In the Chinese culture, the rabbit is a symbol of longevity, peace and prosperity. It is said that people born in this particular year tend to be quiet, kind, restrained and thoughtful. They can be highly sensitive and sentimental, and proceed with caution, bent to hesitate to the point of sometimes missing opportunities. Well, I can only hope and pray that our little water rabbit child will be glib and sociable enough to thrive, that he will be kind but courageous to face challenges, and that when he decides on something, he will do so to maximize opportunities or seize the moment!

Fast forward to a year and 4 months after Juan's 1st birthday....

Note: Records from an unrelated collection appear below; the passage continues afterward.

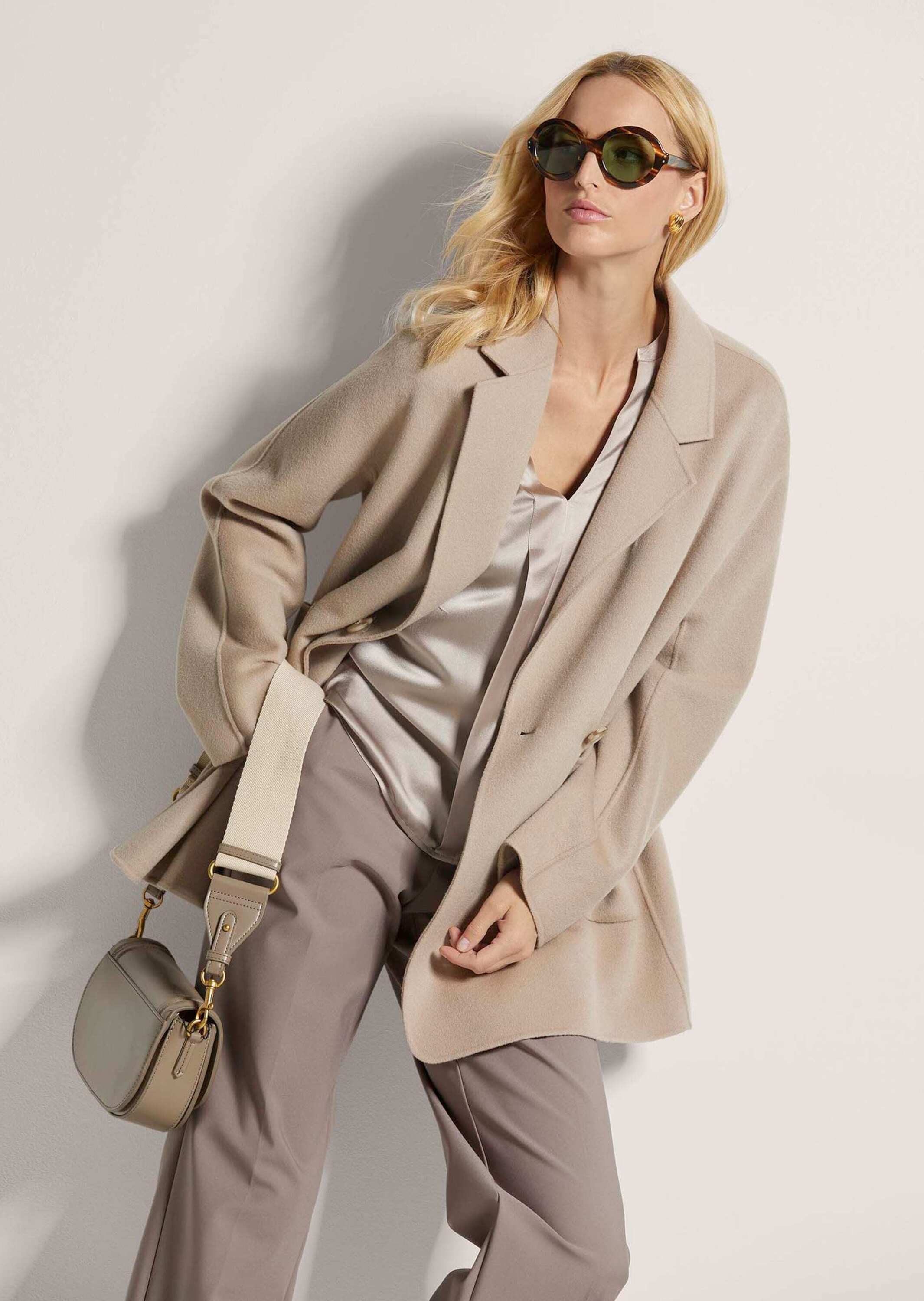 MADELEINE Kurzmantel Eleganter Wollmantel mit Reverskragen Modischer Zweireiher mit aufgesetzten Taschen, Ziernähten und Langarm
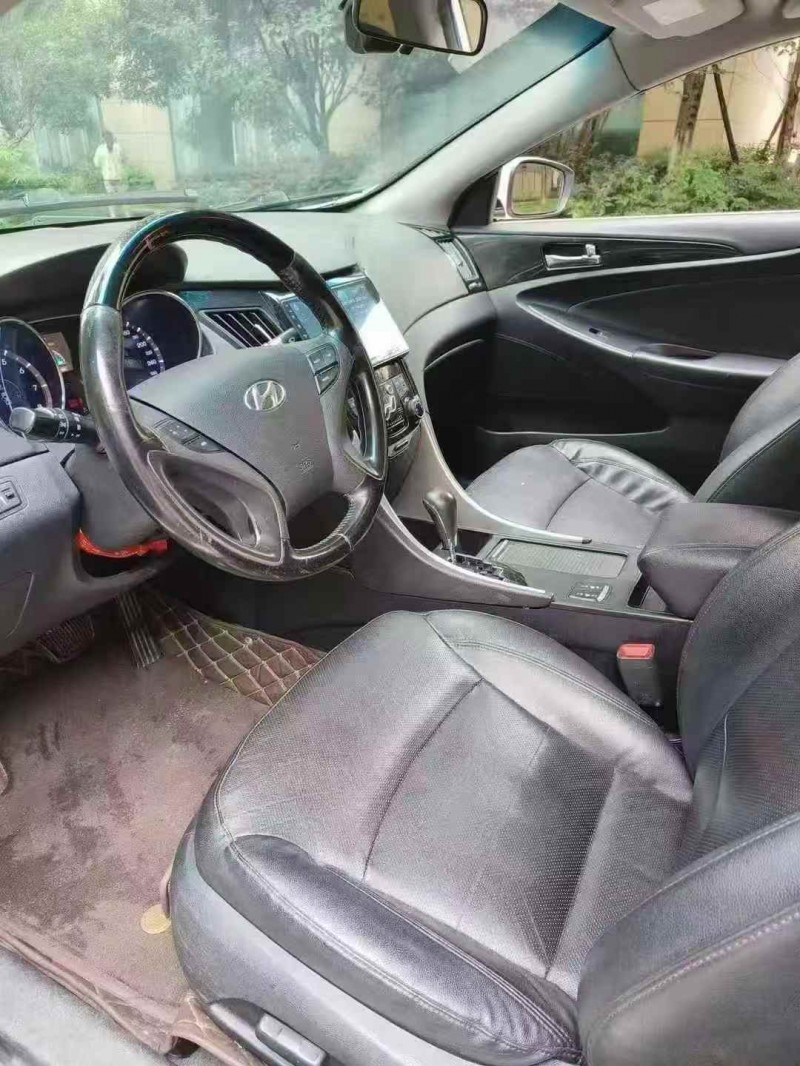 广元15年现代索纳塔7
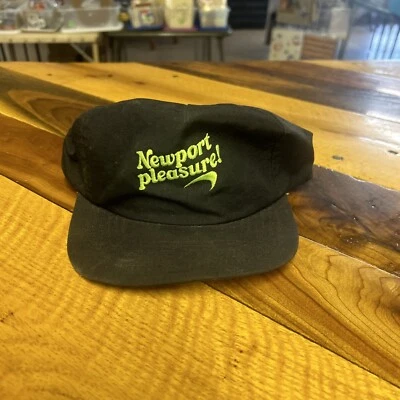 De Colección Newport Placer Cigarrillos Snapback Gorra Gorra Rara Años 90 Inventario Muerto Fumar Foto 1 de 4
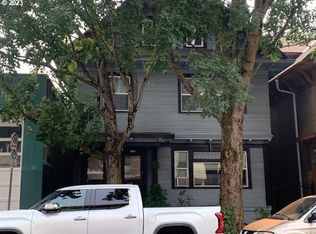 2610 E Burnside St, Portland, OR 97214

Our little gwapo can now walk unaided, and reaches out to touch everything he sees. And if what he touches may be grabbed or plucked, he readily puts them in his mouth for a taste. His quick little hands need a lot of minding, while his still unstable gait needs some steady knees to run about.

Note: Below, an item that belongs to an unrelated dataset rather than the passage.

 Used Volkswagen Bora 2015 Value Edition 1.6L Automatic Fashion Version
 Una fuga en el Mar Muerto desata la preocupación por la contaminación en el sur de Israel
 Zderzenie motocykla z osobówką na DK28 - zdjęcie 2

Never a dull moment with him and his Kuya Franco. They are either best friends cuddling up and laughing their hearts out, our chasing after one another in the grass or trying to scratch each others' eyes out, punching, pulling hair and kicking just to land a painful blow. Boys!

Juan Zachary B. Amores is named after Don Juan Atega, a late 18th to early 19th century juez de primera and mayor of Butuan City, my great great grandfather and Juanito Amores, my late father in law.  

He bears the name of two men-- the latter is one that I got to know and love until the day he died, and the older one is someone whom I wish to know through the power of story.